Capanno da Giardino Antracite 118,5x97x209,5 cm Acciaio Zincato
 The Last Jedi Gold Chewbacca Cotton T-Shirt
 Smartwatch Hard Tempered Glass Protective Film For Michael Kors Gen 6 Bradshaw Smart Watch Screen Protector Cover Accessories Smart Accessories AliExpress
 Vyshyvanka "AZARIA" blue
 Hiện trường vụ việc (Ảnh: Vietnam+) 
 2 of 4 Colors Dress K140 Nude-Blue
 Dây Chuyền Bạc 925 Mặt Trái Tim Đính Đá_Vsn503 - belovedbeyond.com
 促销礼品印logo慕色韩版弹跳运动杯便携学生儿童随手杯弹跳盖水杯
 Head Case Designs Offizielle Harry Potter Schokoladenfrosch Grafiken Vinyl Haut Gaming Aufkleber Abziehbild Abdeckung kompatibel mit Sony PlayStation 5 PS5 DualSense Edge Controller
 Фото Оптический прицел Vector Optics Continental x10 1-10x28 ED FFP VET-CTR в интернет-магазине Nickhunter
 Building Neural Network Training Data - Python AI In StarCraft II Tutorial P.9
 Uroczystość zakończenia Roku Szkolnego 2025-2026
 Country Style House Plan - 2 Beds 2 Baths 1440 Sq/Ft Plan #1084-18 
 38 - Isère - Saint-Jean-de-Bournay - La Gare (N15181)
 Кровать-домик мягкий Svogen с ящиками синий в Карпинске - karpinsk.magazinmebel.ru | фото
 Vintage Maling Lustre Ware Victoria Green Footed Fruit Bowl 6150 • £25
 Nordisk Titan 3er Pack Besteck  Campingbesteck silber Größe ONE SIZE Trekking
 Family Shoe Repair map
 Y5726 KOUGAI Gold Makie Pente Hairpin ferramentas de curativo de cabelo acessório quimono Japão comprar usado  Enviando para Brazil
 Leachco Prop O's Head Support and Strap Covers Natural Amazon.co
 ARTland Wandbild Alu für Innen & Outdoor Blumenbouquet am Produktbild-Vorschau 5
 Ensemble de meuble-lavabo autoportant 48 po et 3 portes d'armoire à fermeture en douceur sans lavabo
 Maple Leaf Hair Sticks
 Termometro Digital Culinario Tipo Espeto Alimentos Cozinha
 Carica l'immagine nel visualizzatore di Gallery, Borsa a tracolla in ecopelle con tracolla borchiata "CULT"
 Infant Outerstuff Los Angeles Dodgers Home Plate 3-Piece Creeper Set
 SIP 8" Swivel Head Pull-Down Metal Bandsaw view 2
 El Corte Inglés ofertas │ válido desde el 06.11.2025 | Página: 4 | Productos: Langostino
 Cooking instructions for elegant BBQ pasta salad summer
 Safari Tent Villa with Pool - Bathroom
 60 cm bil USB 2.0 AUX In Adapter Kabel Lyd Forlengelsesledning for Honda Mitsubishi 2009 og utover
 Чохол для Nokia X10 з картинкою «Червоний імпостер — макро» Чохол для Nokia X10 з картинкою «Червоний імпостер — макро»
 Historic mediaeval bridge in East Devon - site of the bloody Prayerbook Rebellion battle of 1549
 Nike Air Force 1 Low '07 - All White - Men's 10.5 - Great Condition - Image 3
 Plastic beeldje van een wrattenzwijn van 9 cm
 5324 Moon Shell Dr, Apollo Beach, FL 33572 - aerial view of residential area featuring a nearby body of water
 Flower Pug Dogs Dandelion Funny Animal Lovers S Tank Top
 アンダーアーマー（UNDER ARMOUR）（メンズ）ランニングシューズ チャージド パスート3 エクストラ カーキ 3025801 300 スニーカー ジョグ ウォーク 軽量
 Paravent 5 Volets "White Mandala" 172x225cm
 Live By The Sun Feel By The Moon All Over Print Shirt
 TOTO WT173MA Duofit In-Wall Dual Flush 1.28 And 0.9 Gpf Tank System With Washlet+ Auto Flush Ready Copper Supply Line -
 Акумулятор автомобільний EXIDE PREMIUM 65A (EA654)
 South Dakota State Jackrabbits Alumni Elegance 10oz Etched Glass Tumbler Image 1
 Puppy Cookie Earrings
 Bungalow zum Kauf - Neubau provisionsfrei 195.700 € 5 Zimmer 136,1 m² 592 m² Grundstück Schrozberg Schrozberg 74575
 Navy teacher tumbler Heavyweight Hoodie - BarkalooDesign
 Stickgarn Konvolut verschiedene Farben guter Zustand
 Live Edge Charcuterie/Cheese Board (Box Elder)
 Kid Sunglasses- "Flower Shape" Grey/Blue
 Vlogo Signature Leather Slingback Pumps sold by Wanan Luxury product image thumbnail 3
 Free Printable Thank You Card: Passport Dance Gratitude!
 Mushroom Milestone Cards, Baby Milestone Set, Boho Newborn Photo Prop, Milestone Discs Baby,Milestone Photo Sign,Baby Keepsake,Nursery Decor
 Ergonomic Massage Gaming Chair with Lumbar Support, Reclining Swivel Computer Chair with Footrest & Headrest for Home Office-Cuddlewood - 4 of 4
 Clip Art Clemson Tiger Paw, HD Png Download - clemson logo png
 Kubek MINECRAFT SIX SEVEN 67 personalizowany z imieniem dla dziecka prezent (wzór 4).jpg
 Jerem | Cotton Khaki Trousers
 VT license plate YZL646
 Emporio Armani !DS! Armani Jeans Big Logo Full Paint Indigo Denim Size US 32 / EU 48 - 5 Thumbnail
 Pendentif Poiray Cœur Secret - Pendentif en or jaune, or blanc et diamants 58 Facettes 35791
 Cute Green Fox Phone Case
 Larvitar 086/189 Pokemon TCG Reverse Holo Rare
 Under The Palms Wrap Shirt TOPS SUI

● ● ● ● ● ● ●

◆ **ASSIGNMENT**
Above are the entries; give them back verbatim.

◆ **WRITTEN REPLY**
Capanno da Giardino Antracite 118,5x97x209,5 cm Acciaio Zincato
 The Last Jedi Gold Chewbacca Cotton T-Shirt
 Smartwatch Hard Tempered Glass Protective Film For Michael Kors Gen 6 Bradshaw Smart Watch Screen Protector Cover Accessories Smart Accessories AliExpress
 Vyshyvanka "AZARIA" blue
 Hiện trường vụ việc (Ảnh: Vietnam+) 
 2 of 4 Colors Dress K140 Nude-Blue
 Dây Chuyền Bạc 925 Mặt Trái Tim Đính Đá_Vsn503 - belovedbeyond.com
 促销礼品印logo慕色韩版弹跳运动杯便携学生儿童随手杯弹跳盖水杯
 Head Case Designs Offizielle Harry Potter Schokoladenfrosch Grafiken Vinyl Haut Gaming Aufkleber Abziehbild Abdeckung kompatibel mit Sony PlayStation 5 PS5 DualSense Edge Controller
 Фото Оптический прицел Vector Optics Continental x10 1-10x28 ED FFP VET-CTR в интернет-магазине Nickhunter
 Building Neural Network Training Data - Python AI In StarCraft II Tutorial P.9
 Uroczystość zakończenia Roku Szkolnego 2025-2026
 Country Style House Plan - 2 Beds 2 Baths 1440 Sq/Ft Plan #1084-18 
 38 - Isère - Saint-Jean-de-Bournay - La Gare (N15181)
 Кровать-домик мягкий Svogen с ящиками синий в Карпинске - karpinsk.magazinmebel.ru | фото
 Vintage Maling Lustre Ware Victoria Green Footed Fruit Bowl 6150 • £25
 Nordisk Titan 3er Pack Besteck  Campingbesteck silber Größe ONE SIZE Trekking
 Family Shoe Repair map
 Y5726 KOUGAI Gold Makie Pente Hairpin ferramentas de curativo de cabelo acessório quimono Japão comprar usado  Enviando para Brazil
 Leachco Prop O's Head Support and Strap Covers Natural Amazon.co
 ARTland Wandbild Alu für Innen & Outdoor Blumenbouquet am Produktbild-Vorschau 5
 Ensemble de meuble-lavabo autoportant 48 po et 3 portes d'armoire à fermeture en douceur sans lavabo
 Maple Leaf Hair Sticks
 Termometro Digital Culinario Tipo Espeto Alimentos Cozinha
 Carica l'immagine nel visualizzatore di Gallery, Borsa a tracolla in ecopelle con tracolla borchiata "CULT"
 Infant Outerstuff Los Angeles Dodgers Home Plate 3-Piece Creeper Set
 SIP 8" Swivel Head Pull-Down Metal Bandsaw view 2
 El Corte Inglés ofertas │ válido desde el 06.11.2025 | Página: 4 | Productos: Langostino
 Cooking instructions for elegant BBQ pasta salad summer
 Safari Tent Villa with Pool - Bathroom
 60 cm bil USB 2.0 AUX In Adapter Kabel Lyd Forlengelsesledning for Honda Mitsubishi 2009 og utover
 Чохол для Nokia X10 з картинкою «Червоний імпостер — макро» Чохол для Nokia X10 з картинкою «Червоний імпостер — макро»
 Historic mediaeval bridge in East Devon - site of the bloody Prayerbook Rebellion battle of 1549
 Nike Air Force 1 Low '07 - All White - Men's 10.5 - Great Condition - Image 3
 Plastic beeldje van een wrattenzwijn van 9 cm
 5324 Moon Shell Dr, Apollo Beach, FL 33572 - aerial view of residential area featuring a nearby body of water
 Flower Pug Dogs Dandelion Funny Animal Lovers S Tank Top
 アンダーアーマー（UNDER ARMOUR）（メンズ）ランニングシューズ チャージド パスート3 エクストラ カーキ 3025801 300 スニーカー ジョグ ウォーク 軽量
 Paravent 5 Volets "White Mandala" 172x225cm
 Live By The Sun Feel By The Moon All Over Print Shirt
 TOTO WT173MA Duofit In-Wall Dual Flush 1.28 And 0.9 Gpf Tank System With Washlet+ Auto Flush Ready Copper Supply Line -
 Акумулятор автомобільний EXIDE PREMIUM 65A (EA654)
 South Dakota State Jackrabbits Alumni Elegance 10oz Etched Glass Tumbler Image 1
 Puppy Cookie Earrings
 Bungalow zum Kauf - Neubau provisionsfrei 195.700 € 5 Zimmer 136,1 m² 592 m² Grundstück Schrozberg Schrozberg 74575
 Navy teacher tumbler Heavyweight Hoodie - BarkalooDesign
 Stickgarn Konvolut verschiedene Farben guter Zustand
 Live Edge Charcuterie/Cheese Board (Box Elder)
 Kid Sunglasses- "Flower Shape" Grey/Blue
 Vlogo Signature Leather Slingback Pumps sold by Wanan Luxury product image thumbnail 3
 Free Printable Thank You Card: Passport Dance Gratitude!
 Mushroom Milestone Cards, Baby Milestone Set, Boho Newborn Photo Prop, Milestone Discs Baby,Milestone Photo Sign,Baby Keepsake,Nursery Decor
 Ergonomic Massage Gaming Chair with Lumbar Support, Reclining Swivel Computer Chair with Footrest & Headrest for Home Office-Cuddlewood - 4 of 4
 Clip Art Clemson Tiger Paw, HD Png Download - clemson logo png
 Kubek MINECRAFT SIX SEVEN 67 personalizowany z imieniem dla dziecka prezent (wzór 4).jpg
 Jerem | Cotton Khaki Trousers
 VT license plate YZL646
 Emporio Armani !DS! Armani Jeans Big Logo Full Paint Indigo Denim Size US 32 / EU 48 - 5 Thumbnail
 Pendentif Poiray Cœur Secret - Pendentif en or jaune, or blanc et diamants 58 Facettes 35791
 Cute Green Fox Phone Case
 Larvitar 086/189 Pokemon TCG Reverse Holo Rare
 Under The Palms Wrap Shirt TOPS SUI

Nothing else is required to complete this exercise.